Nationwide, there are nearly 73,000 listings on the National Register, and the list includes districts, sites, buildings, structures, and objects that are significant in American history, architecture, archeology, engineering, and culture.
According to the Florida Department of State, there are 44 sites, buildings and districts listed on the National Register in Alachua County. For a listing of the sites in Alachua County, click here.
1. Recognition that a property is of significance to the Nation, the State, or the community.
2. Consideration in planning for Federal or federally assisted projects which could negatively affect a properties historic value.
3. Eligibility for Federal tax benefits: Owners of properties listed in the National Register may be eligible for a 20% investment tax credit for the certified rehabilitation of income-producing certified historic structures such as commercial, industrial, or rental residential buildings.
4. Qualification for Federal assistance for historic preservation, when funds are available.
Listing in the National Register does not, in itself, impose any obligation on the property owner, or restrict the owner's basic right to use and dispose of the property as he or she sees fit.
How to Apply the National Register Criteria for Evaluation
Generally, properties eligible for listing in the National Register are at least 50 years old. Properties less than 50 years of age must be exceptionally important to be considered eligible for listing.
The quality of significance in American history, architecture, archeology, engineering, and culture is present in districts, sites, buildings, structures, and objects that possess integrity of location, design, setting, materials, workmanship, feeling, and association, and:
A. That are associated with events that have made a significant contribution to the broad patterns of our history; or
B. That are associated with the lives of persons significant in our past; or
C. That embody the distinctive characteristics of a type, period, or method of construction, or that represent the work of a master, or that possess high artistic values, or that represent a significant and distinguishable entity whose components may lack individual distinction; or
D. That have yielded or may be likely to yield, information important in prehistory or history.

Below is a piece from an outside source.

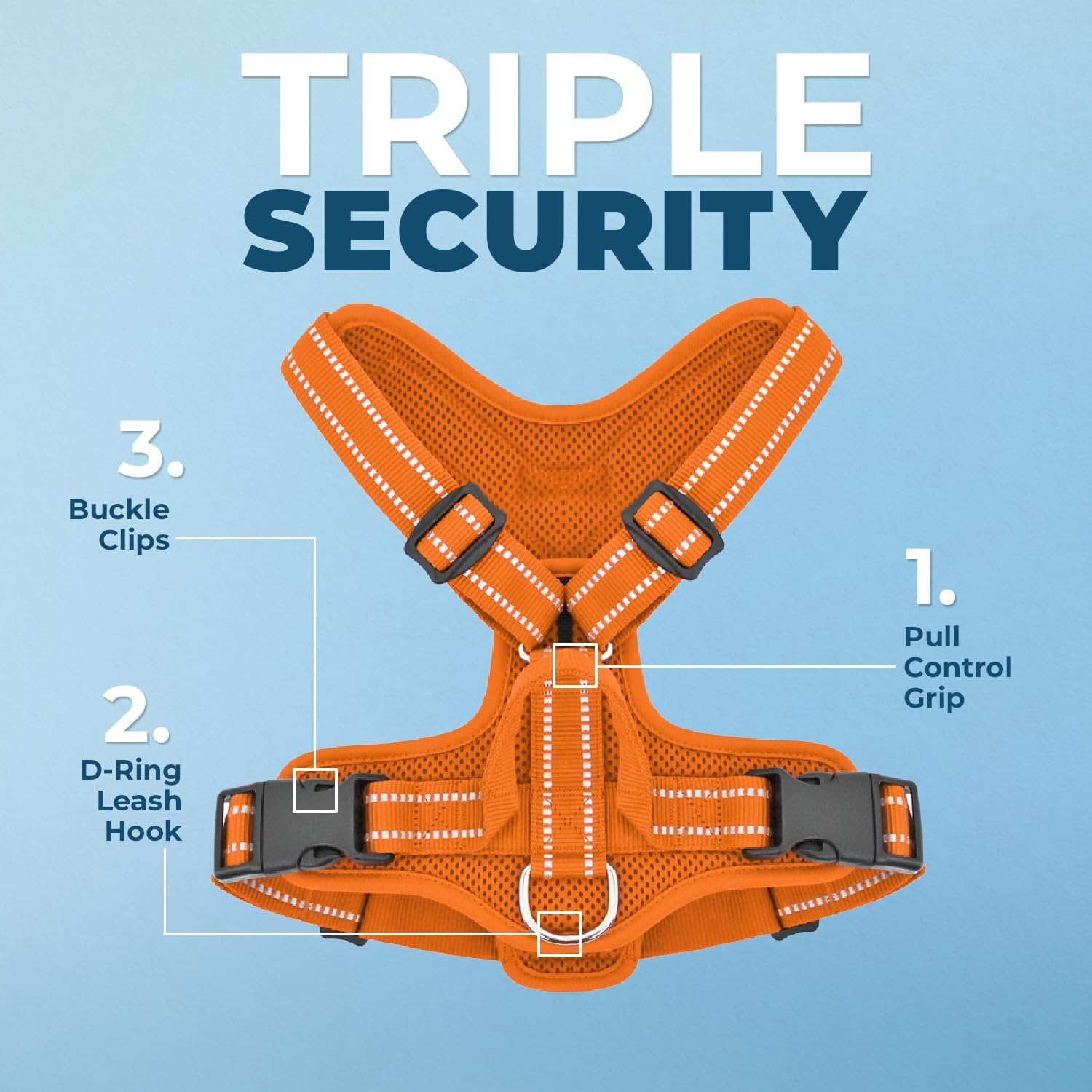 Air Frontier Mesh Dog Harness with Steel Leash D-Ring, Reflective Stitching, and Lightweight Breathable No-Pull Design, Adjustable Neck and Chest Straps for Small to Large Breeds - ORW, S image number 4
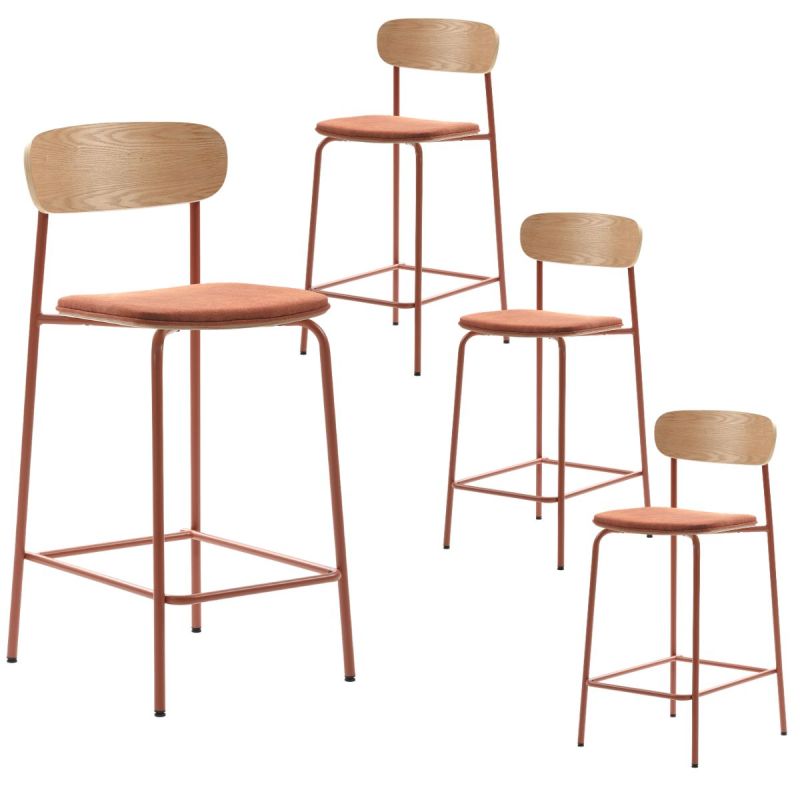 Lot de 4 tabourets de bar dossier bois assise tissu et pieds métal brique - RIDILA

Ordinarily cemeteries, birthplaces, graves of historical figures, properties owned by religious institutions or used for religious purposes, structures that have been moved from their original locations, reconstructed historic buildings, properties primarily commemorative in nature, and properties that have achieved significance within the past 50 years shall not be considered eligible for the National Register. However, there are some exceptions.
The process varies from State to State depending on State workload, planning, and registration priorities, and the schedule of the review board. The process takes a minimum of 90 days to fulfill all of the review and notification requirements provided that a complete and fully documented nomination form has been completed for the property.
Upon submission to the National Park Service, a decision on whether to list the property is made within 45 days.